▸ Your task: Print out each entry below in full, exactly as given, excluding pictures.

▸ Source records:
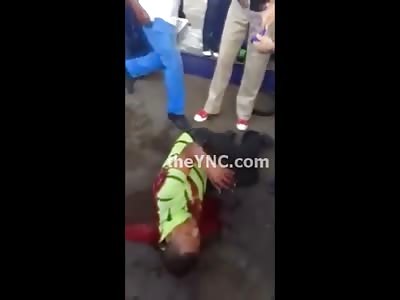 New Video of Man who left His Arm Sitting on the Hood of a Car, Watch till the End when a Man Picks it Up 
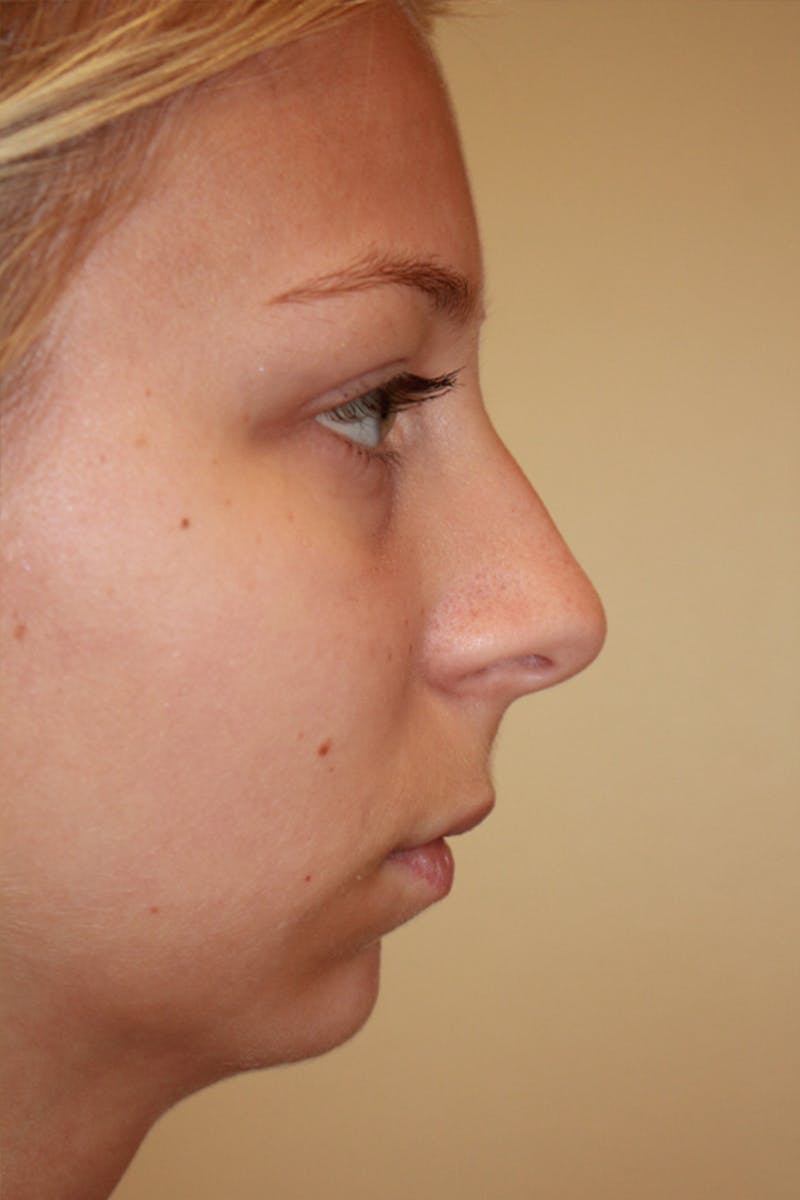 Chin Implant Before & After Gallery - Patient 53599803 - Image 1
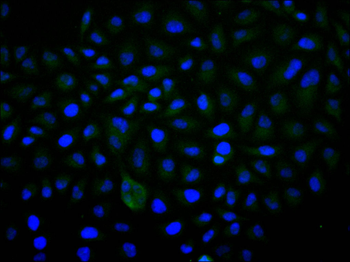ACADM Antibody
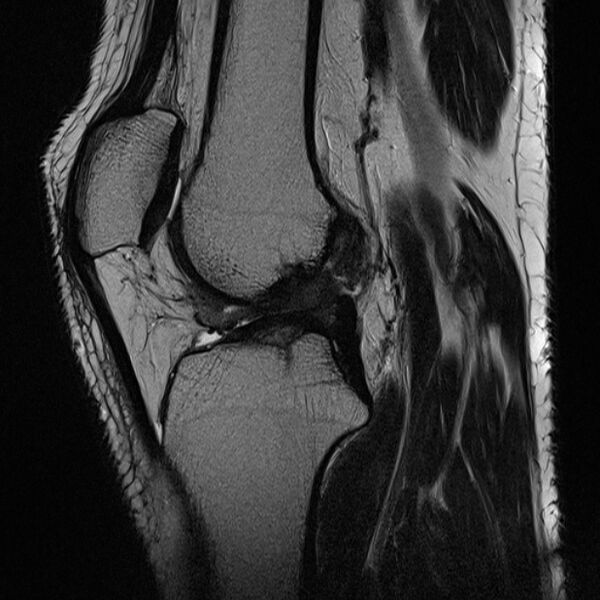 File:Anterior cruciate ligament tear - ramp lesion (Radiopaedia 71883-82322 Sagittal T2 13).jpg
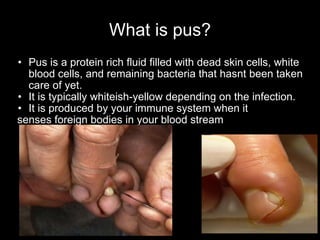 Pus v2 | PPT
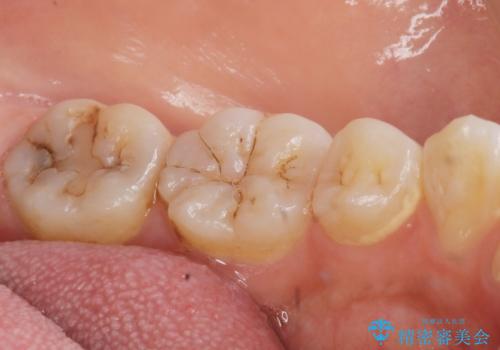 奥歯が黒い セラミッククラウンで綺麗に 30代女性の治療前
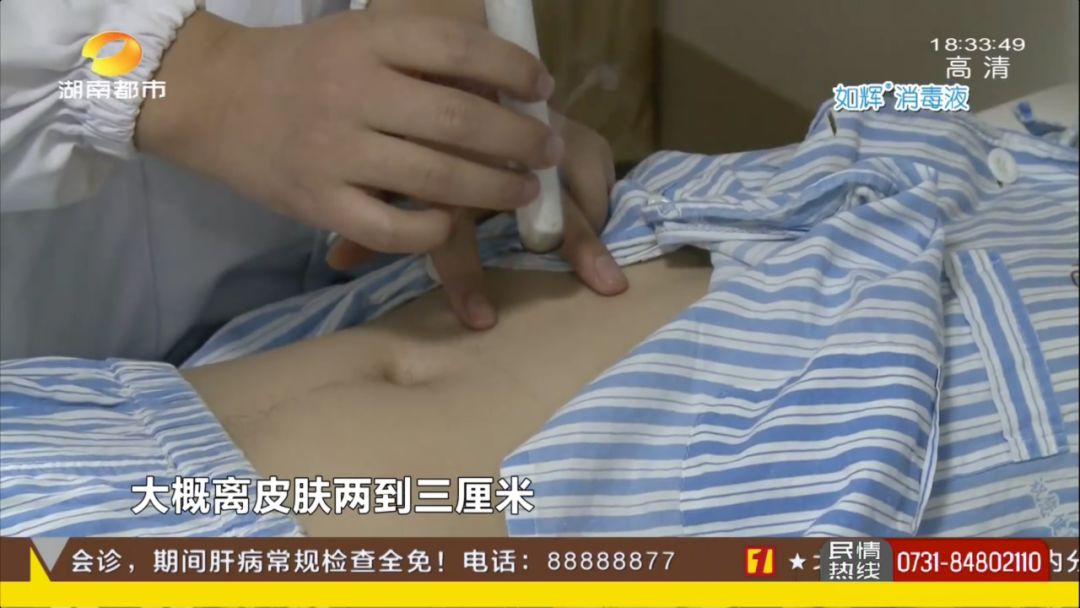 春节期间，男子只顾连日“潇洒”，身体这个部分撑不住了……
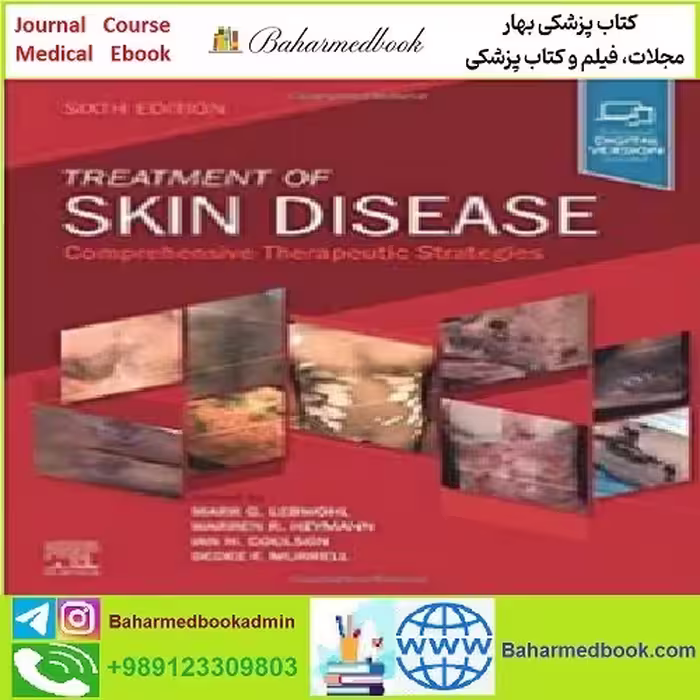 Treatment of Skin Disease Comprehensive Therapeutic Strategie
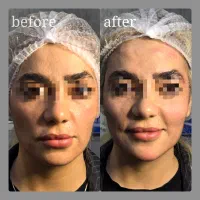 جشنواره تخفیف هفتگی ویژه نخ،مادلینگ فول فیس|خدمات آرایشگری و زیبایی|شاهین‌شهر, فردوسی|دیوار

▸ Result of the exercise:
 New Video of Man who left His Arm Sitting on the Hood of a Car, Watch till the End when a Man Picks it Up 
 Chin Implant Before & After Gallery - Patient 53599803 - Image 1
ACADM Antibody
 File:Anterior cruciate ligament tear - ramp lesion (Radiopaedia 71883-82322 Sagittal T2 13).jpg
 Pus v2 | PPT
 奥歯が黒い セラミッククラウンで綺麗に 30代女性の治療前
 春节期间，男子只顾连日“潇洒”，身体这个部分撑不住了……
 Treatment of Skin Disease Comprehensive Therapeutic Strategie
 جشنواره تخفیف هفتگی ویژه نخ،مادلینگ فول فیس|خدمات آرایشگری و زیبایی|شاهین‌شهر, فردوسی|دیوار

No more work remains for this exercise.